Closed dgtized closed 2 years ago

dgtized commented 2 years ago

This is the companion feature issue for https://github.com/clojure-emacs/clj-refactor.el/pull/525 as requested.

Currently if a cljr-slash magic require is triggered in a project with mixed cljs, cljc and clj files, cljr-slash first prompts for the language context and then only allows selection of namespace aliases from cases that were previously seen in that context.

As example, in scratch.cljc if I type gl/ image

After selecting clj I get: image

And if I select cljs I am prompted to select either thi.ng.geom.line or thi.ng.geom.gl.core, which then adds the selected namespace: image

In this case, both thi.ng.geom.line & thi.ng.geom.gl.core are cljc libraries and are applicable in both a clj and cljs context. However for my example project, thi.ng.geom.gl.core has only been used in a cljs context previously, so the middleware incorrectly believes that alias is only applicable in a cljs context.

There are several problems above, but I think think the two most critical is that cljr-slash incorrectly assumes that namespaces previously encountered in one context should only be presented in a matching context. The second and overlapping interface problem is that it prompts twice, and doesn't suggest all the available choices for the user to decide in a single prompt.

In #525, with the defcustom cljr-magic-require-prompts-includes-context enabled, the behavior is: image

This is a single prompt, and allows the user to make their own determination if the other available aliases are applicable in the current context. This functionality is complete in #525 without requiring any changes to the middleware.

Potential Future Improvements

Force a prompt where language context does matter

In #525 if only one namespace usage matches an alias, regardless of the language context, it will immediately insert that without prompting. If we had more reliable detection of language context, or even if the current file did not match any of the language contexts the alias had previously been seen in, then it could prompt the user to verify the new require makes sense before inserting a new require.

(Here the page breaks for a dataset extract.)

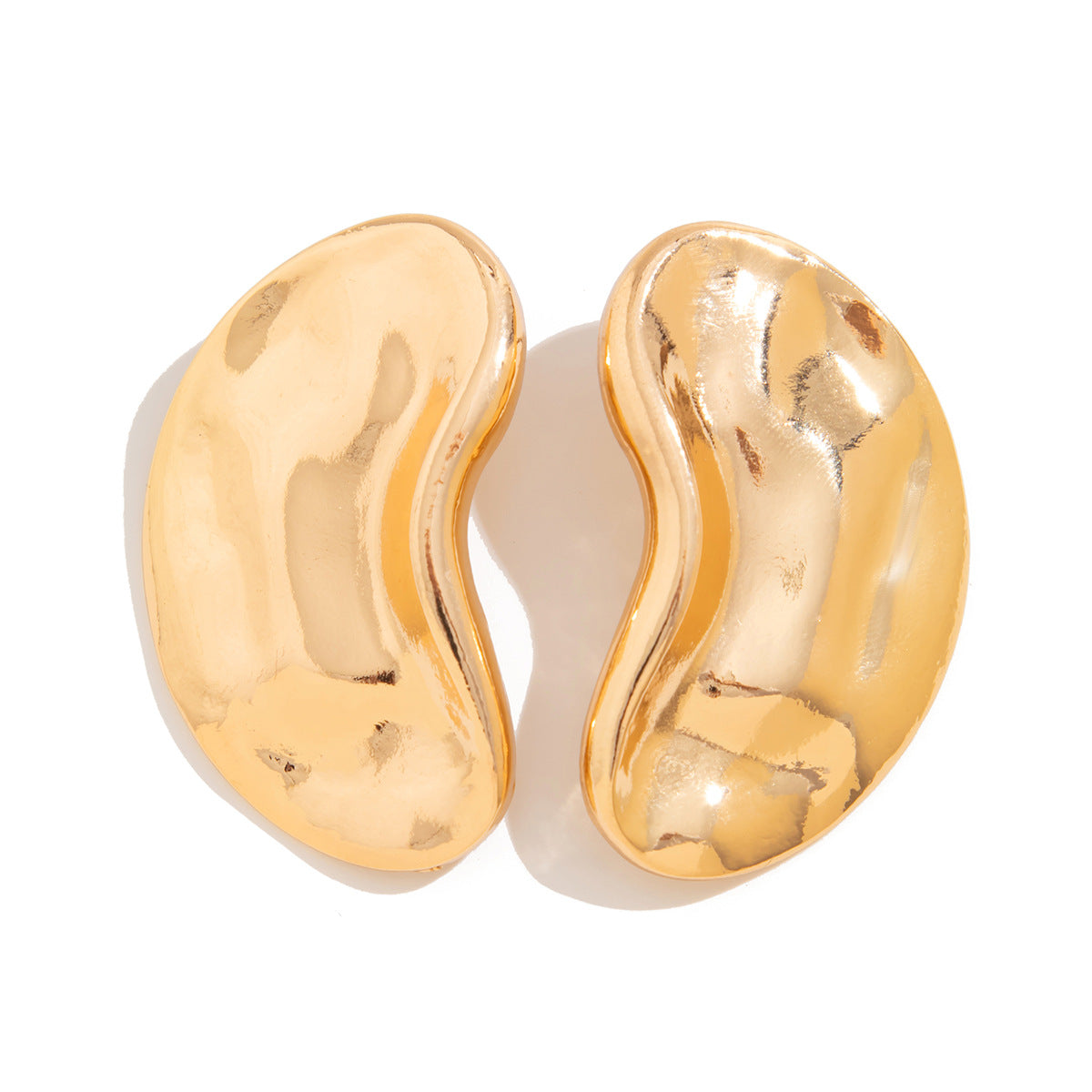 Curved bean-shaped stud earrings in metallic finish - Manbu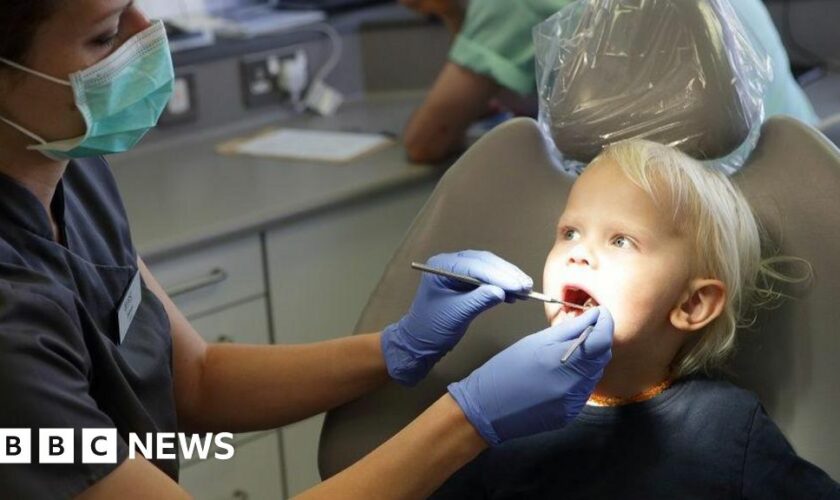 Labour pledges 100,000 urgent child dental appointments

Simplifying middleware response to reduce elisp code and allow more fine grained responses in the future

525 converts the middleware responses from an EDN format like:

{:clj  {t [clojure.test] set [clojure.set] alias [namespace]}
 :cljs {t [cljs.test] set [clojure.set] alias2 [namespace2}}

Into a list of lists like:

'(((alias namespace (:clj))
   (alias2 namespace2 (:cljs))
   (set clojure.set (:clj :cljs))
   (t clojure.test (:clj))
   (t cljs.test (:cljs))

What I would propose is that the middleware should instead return something like:

[{alias: "alias" libspec: "[namespace :as alias]" context: #{:clj}}
  {alias: "alias2" libspec: "[namespace2 :as alias]" context: #{:cljs}}
  {alias: "set", libspec: "[clojure.set :as set]" context: #{:clj :cljs}}
  {alias: "t", libspec: "[clojure.test :as t]" context: #{:clj}}
  {alias: "t", libspec: "[cljs.test :as t]" context: #{:cljs}}]

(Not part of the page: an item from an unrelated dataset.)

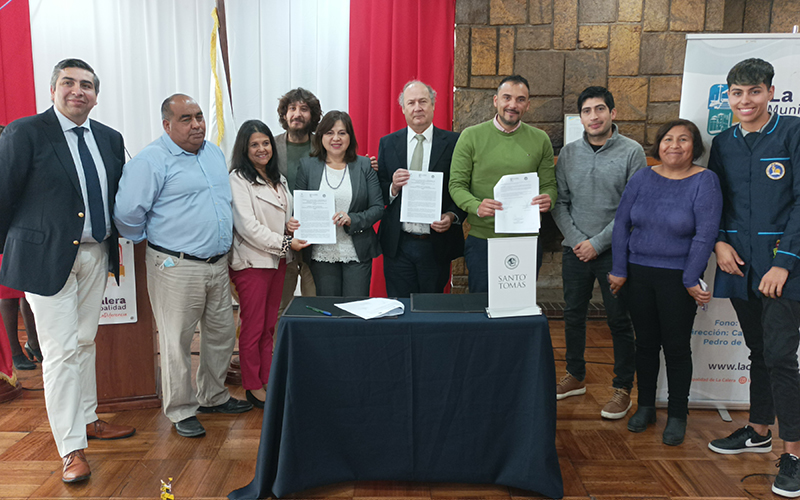 CFT Santo Tomás Viña del Mar y Municipalidad de La Calera firman convenio de articulación y continuidad de estudios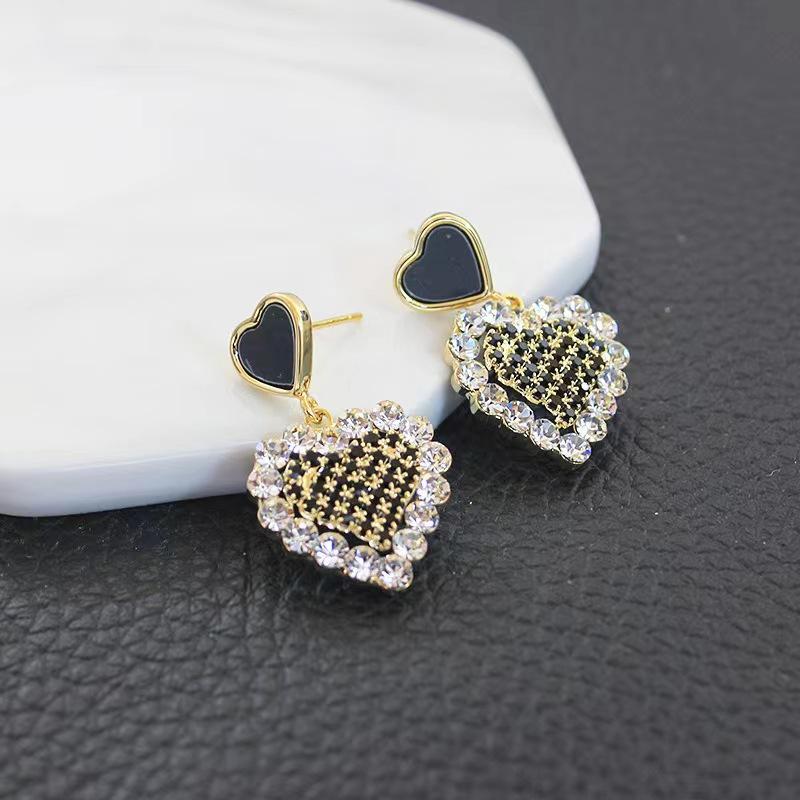 Korean Exquisite Heart Shape Stud Earrings For Women Shining CZ Zircon Love Imitation Pearl Earring Temperament Jewelry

This would reduce the amount of elisp code to convert formats, and allow for future extensions. By listing exact libspecs, it allows the completing-read to return a libspec typed in by the user manually. It also allows suggesting libspecs for an alias with an :as-alias, :refer or :include-macros. A good example would be to promp with the following libspec in a CLJS file: [clojure.test :as t :refer [deftest is] :include-macros true]. This could also be extended to include a suggested ranking order, or another field for inserting matching :import fields, if we can reliably associate requires aliases to imports.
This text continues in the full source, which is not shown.